Optionally, in the display apparatus, the at least one processor is configured to:

    • generate at least one reprojected real-world image, by timewarping the real-world image, during a time period when the at least one camera is controlled for capturing the reference real-world image, wherein upon elapsing of said time period, the at least one processor is configured to control the at least one camera for capturing a next real-world image;
    • generate at least one extended-reality image using the at least one reprojected real-world image; and
    • control at least one display, for displaying the at least one extended-reality image until a next extended-reality image that is generated using the next real-world image is generated for displaying.


Optionally, in the display apparatus, the at least one processor is configured to:

    • when it is determined that the representation of the at least one region is represented in the at least one of: the real-world image, the previously-captured real-world image, satisfies the quality criteria, control the at least one camera to capture an input real-world image representing the at least one region, by adjusting the camera settings such that said representation fails to satisfy the quality criteria;
    • generate training data comprising reference data and input data, wherein the reference data comprises the at least one of: the real-world image, the previously-captured real-world image, and the input data comprises the input real-world image; and
    • send the training data to a processor that is configured to train a first neural network for generating real-world images that satisfy the quality criteria by processing real-world images that fail to satisfy the quality criteria.


Optionally, in the display apparatus, the at least one processor is configured to determines the spatial geometry of the real-world environment, by processing sensor data that is collected by at least one depth sensor.

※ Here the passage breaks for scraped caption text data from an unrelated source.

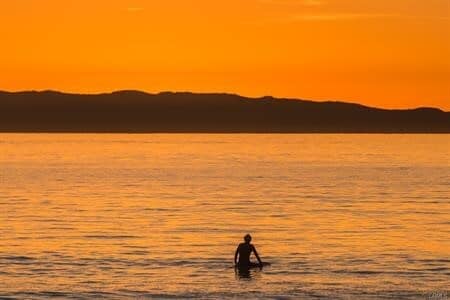 Building Photo - 1808 W Balboa Blvd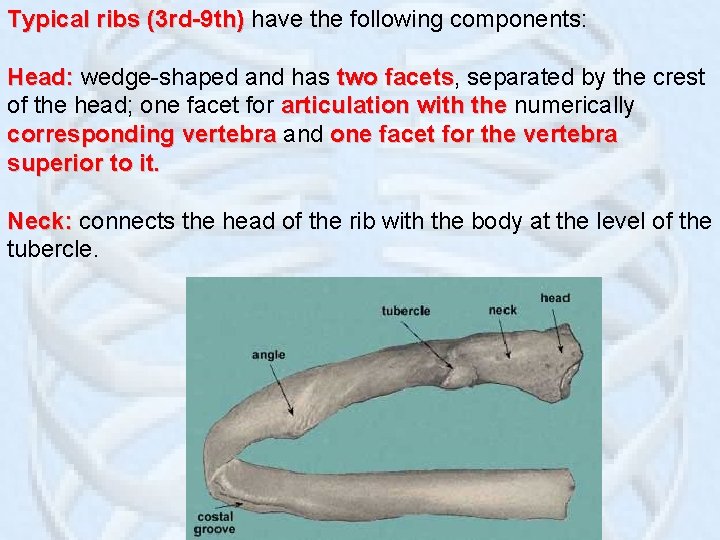 Typical ribs (3 rd-9 th) have the following components: Head: wedge-shaped and has two
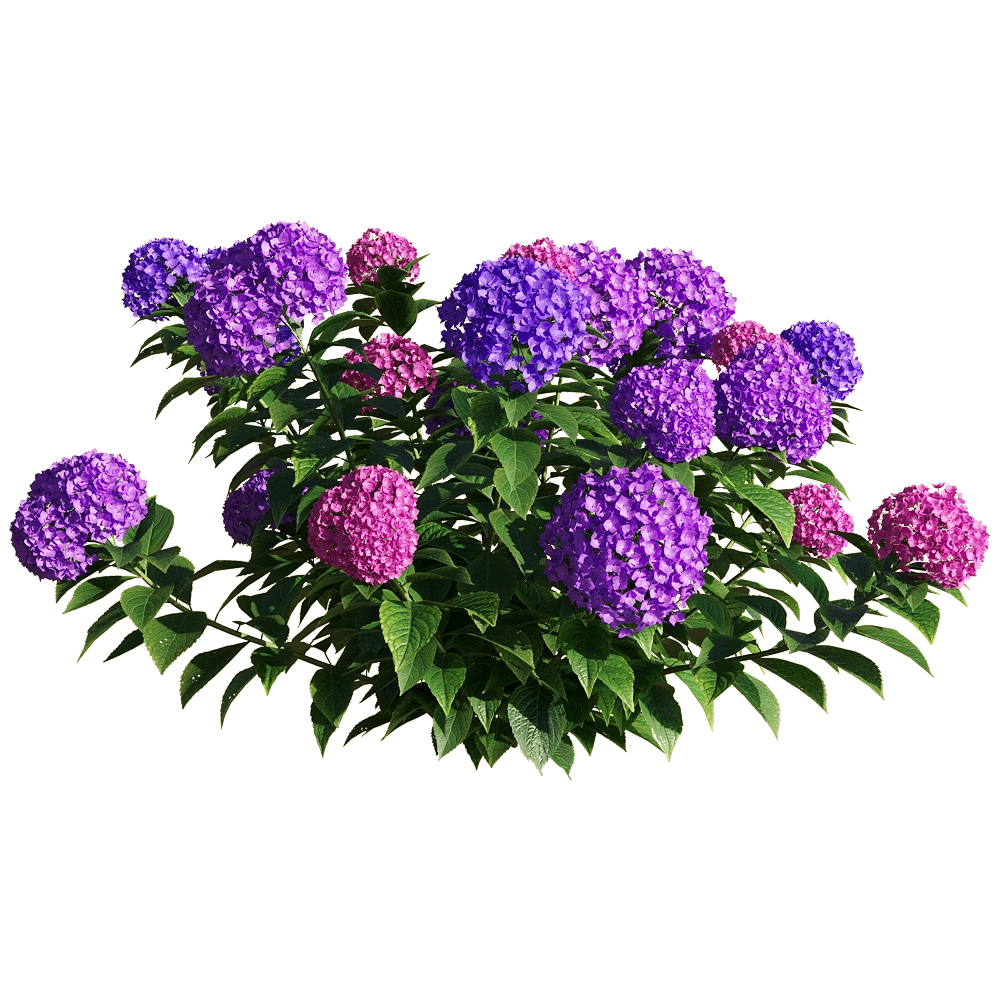 decoration - Hydrangea macrophylla 4 3D Model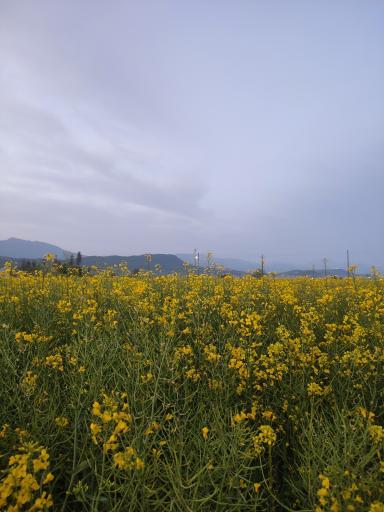 عکس حاجی بالخان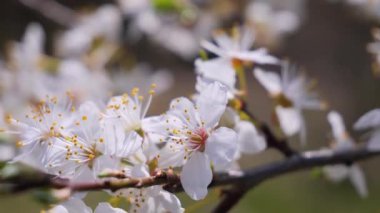 Yağmur damlaları ile bir ağaç üzerinde ilkbaharda kiraz çiçekleri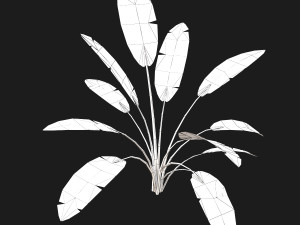 cartoon bush 3D Model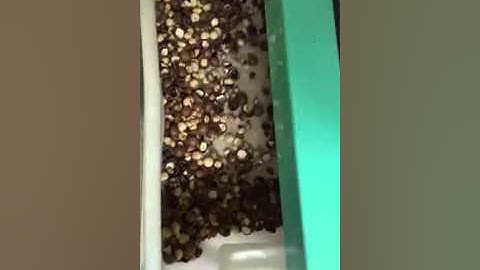 macadamia nuts color  sorting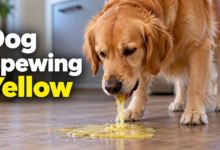 Dog Spewing Yellow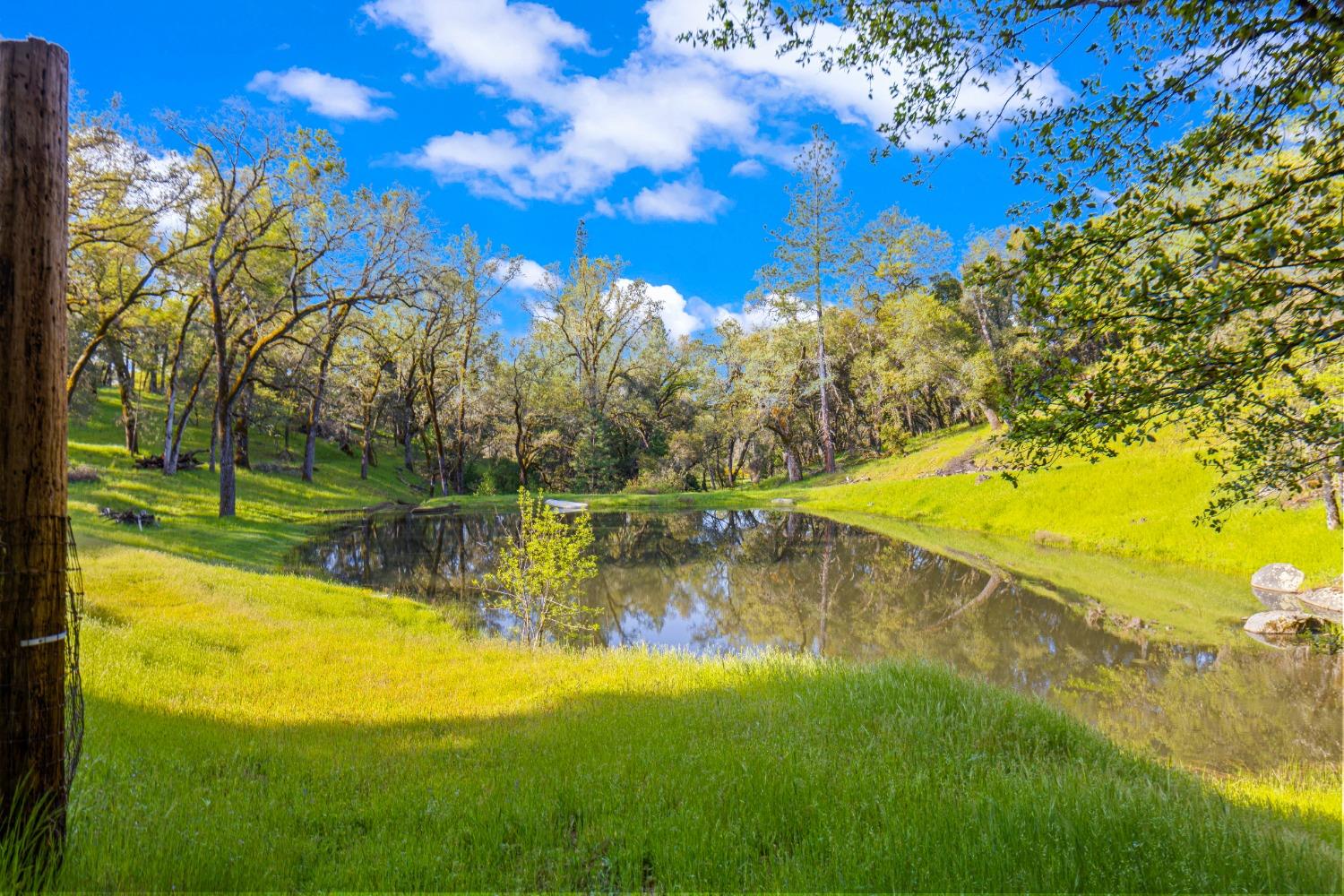 3361 Cedar Creek Road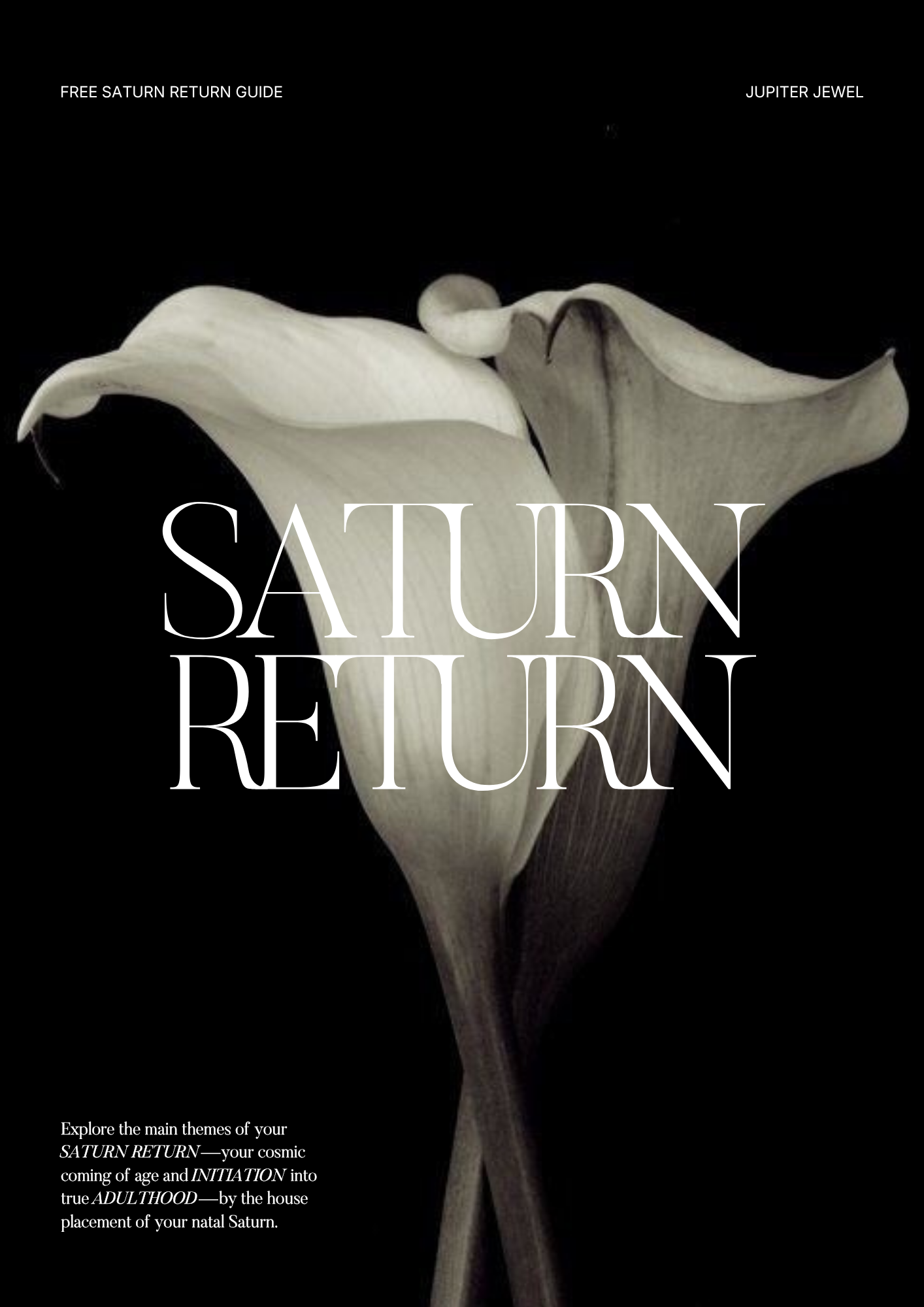 THE SATURN RETURN BLUEPRINT (FREE)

DETAILED DESCRIPTION OF THE DRAWINGS

Referring to FIG. 1, illustrated is a block diagram of a display apparatus 100 incorporating generation of context-aware training data, in accordance with an embodiment of the present disclosure. The display apparatus 100 comprises a gaze-tracking means 102, a pose-tracking means 104, at least one camera (for example, depicted as a camera 106) and at least one processor (for example, depicted as a processor 108). Optionally, the display apparatus 100 further comprises at least one depth sensor (for example, depicted as a depth sensor 110), at least one display (for example, depicted as a display 112), and a data repository 114. The processor 108 is communicably coupled to the gaze-tracking means 102, the pose-tracking means 104, the camera 106, the depth sensor 110, the display 112, and the data repository 114. Furthermore, the processor 108 is also communicably coupled to another processor (depicted as a processor 116). The processor 116 is a processor of a server that is external to the display apparatus 100. The processor 116 is configured to train a first neural network 118 to generate real-world images that satisfy a quality criteria by processing real-world images that fail to satisfy the quality criteria.


The processor 108 is configured to perform various operations, as described earlier with respect to the aforementioned first aspect. In this regard, when the display apparatus 100 is employed in a real-world environment 120, a gaze point 122 and a gaze depth 124 of user's eyes is determined by processing gaze-tracking data that is collected by the gaze-tracking means 102, and the camera 106 is controlled to capture a real-world image of the real-world environment 120, by adjusting camera settings according to the gaze point 122 and the gaze depth 124. Furthermore, a pose of the camera 106 is determined at a time of capturing the real-world image, by processing pose-tracking data that is collected by the pose-tracking means 102. In this regard, at least one region 126 (depicted using a dotted pattern) of the real-world environment 120 that is represented in the real-world image is identified, based on a spatial geometry of the real-world environment 120 and the pose of the camera 106.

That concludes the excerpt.